_INFORMATION SHOWN_:
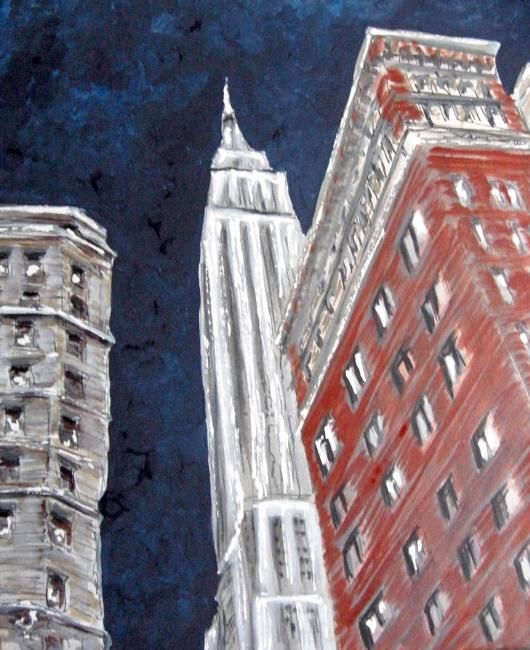Empire State Building Painting By Romina Diaz Brarda Artmajeur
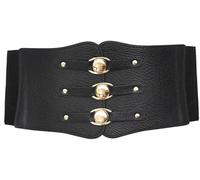 RPAEOY Ceinture Corset Élastique Large Décorative Boutons Métalliques Accessoire Taille Haute Ajustable Femme Élégante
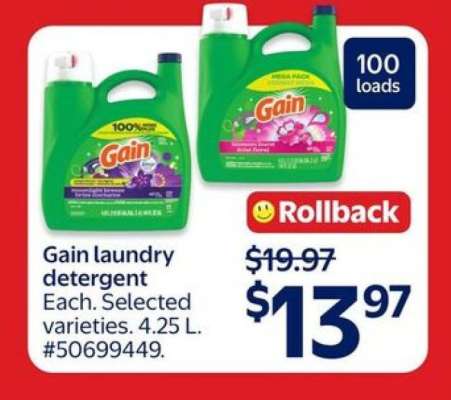 Gain Laundry Detergent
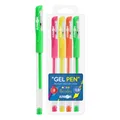 Gelstift-Set 4er-Pack Neon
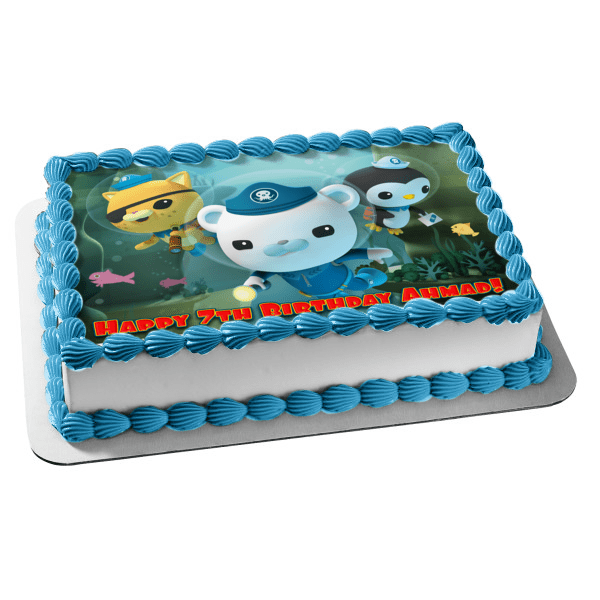 Octonauts edible cake toppers | Octonauts birthday, Octonauts cake, Edible cake  toppers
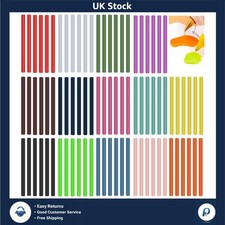 Bulk 84 Pack Colored Glue Sticks 7mm for Mini Glue Guns - Perfect for DIY Crafts 0.29 per stick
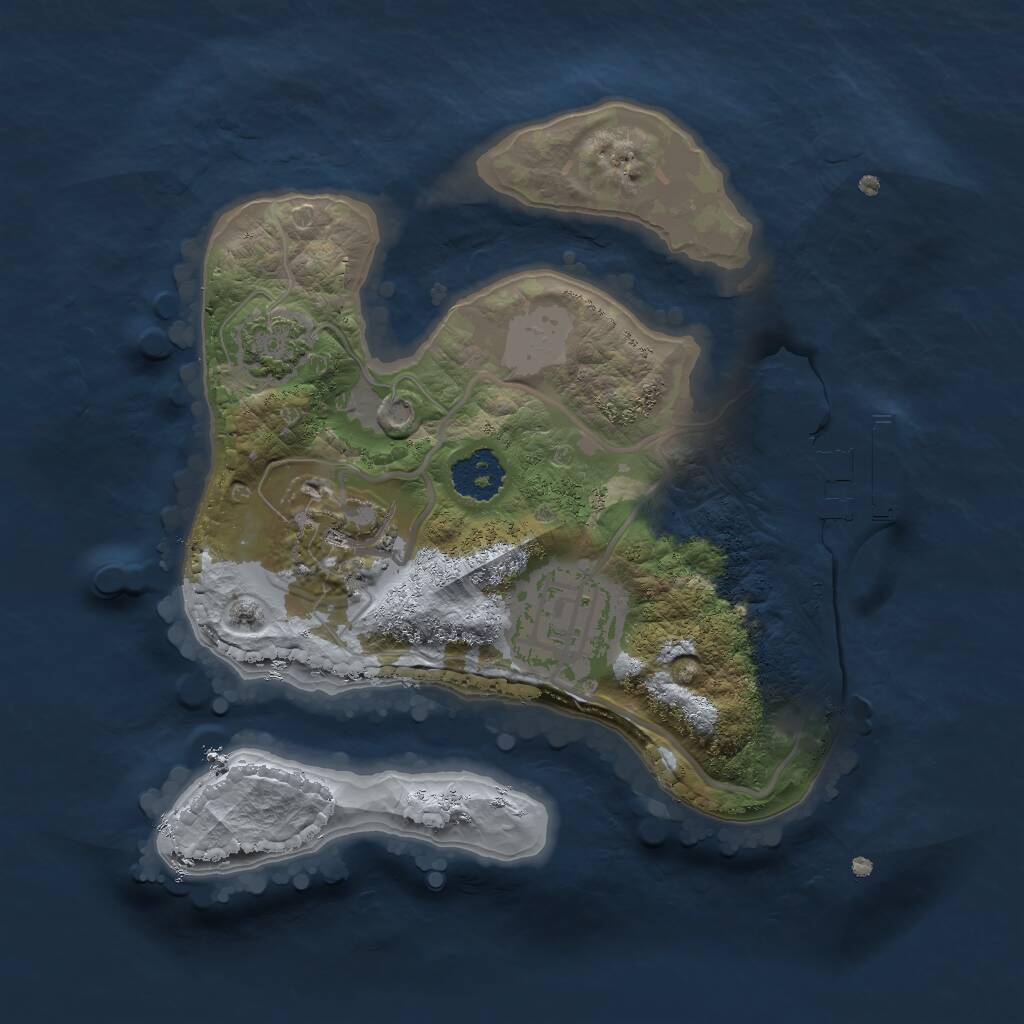 Rust Map: Procedural Map, Size: 2000, Seed: 35662881, 5 Monuments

_TASK OBJECTIVE_:
Leave the pictures out and write out every entry exactly as given.

_TASK ANSWER_:
Empire State Building Painting By Romina Diaz Brarda Artmajeur
 RPAEOY Ceinture Corset Élastique Large Décorative Boutons Métalliques Accessoire Taille Haute Ajustable Femme Élégante
 Gain Laundry Detergent
 Gelstift-Set 4er-Pack Neon
 Octonauts edible cake toppers | Octonauts birthday, Octonauts cake, Edible cake  toppers
 Bulk 84 Pack Colored Glue Sticks 7mm for Mini Glue Guns - Perfect for DIY Crafts 0.29 per stick
 Rust Map: Procedural Map, Size: 2000, Seed: 35662881, 5 Monuments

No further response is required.